__Exercise__:
Across the records that follow, give the number of lines containing the word "Summer" and nothing else.

Records from a collection:

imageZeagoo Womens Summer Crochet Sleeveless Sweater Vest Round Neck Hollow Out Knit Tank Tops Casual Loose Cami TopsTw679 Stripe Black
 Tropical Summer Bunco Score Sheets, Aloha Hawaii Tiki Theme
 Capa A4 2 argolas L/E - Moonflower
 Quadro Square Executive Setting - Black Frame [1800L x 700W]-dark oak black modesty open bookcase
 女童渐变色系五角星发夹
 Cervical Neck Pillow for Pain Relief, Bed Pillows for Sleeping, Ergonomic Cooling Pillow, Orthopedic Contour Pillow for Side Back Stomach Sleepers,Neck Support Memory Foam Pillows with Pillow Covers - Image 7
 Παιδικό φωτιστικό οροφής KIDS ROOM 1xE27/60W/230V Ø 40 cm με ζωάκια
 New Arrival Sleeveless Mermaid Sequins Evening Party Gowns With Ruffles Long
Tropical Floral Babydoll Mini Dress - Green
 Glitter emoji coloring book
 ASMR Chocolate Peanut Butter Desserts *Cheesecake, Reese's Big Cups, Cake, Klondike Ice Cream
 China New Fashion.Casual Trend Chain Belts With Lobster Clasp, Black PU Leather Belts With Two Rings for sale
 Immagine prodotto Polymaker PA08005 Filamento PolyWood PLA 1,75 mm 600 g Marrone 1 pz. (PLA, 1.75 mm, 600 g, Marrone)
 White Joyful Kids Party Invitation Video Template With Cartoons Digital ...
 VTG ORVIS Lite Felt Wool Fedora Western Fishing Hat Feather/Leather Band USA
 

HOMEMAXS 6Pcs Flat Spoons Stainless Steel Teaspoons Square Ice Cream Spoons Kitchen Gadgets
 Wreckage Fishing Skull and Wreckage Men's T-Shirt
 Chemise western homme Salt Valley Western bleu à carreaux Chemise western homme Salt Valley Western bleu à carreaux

__Answer section__:
2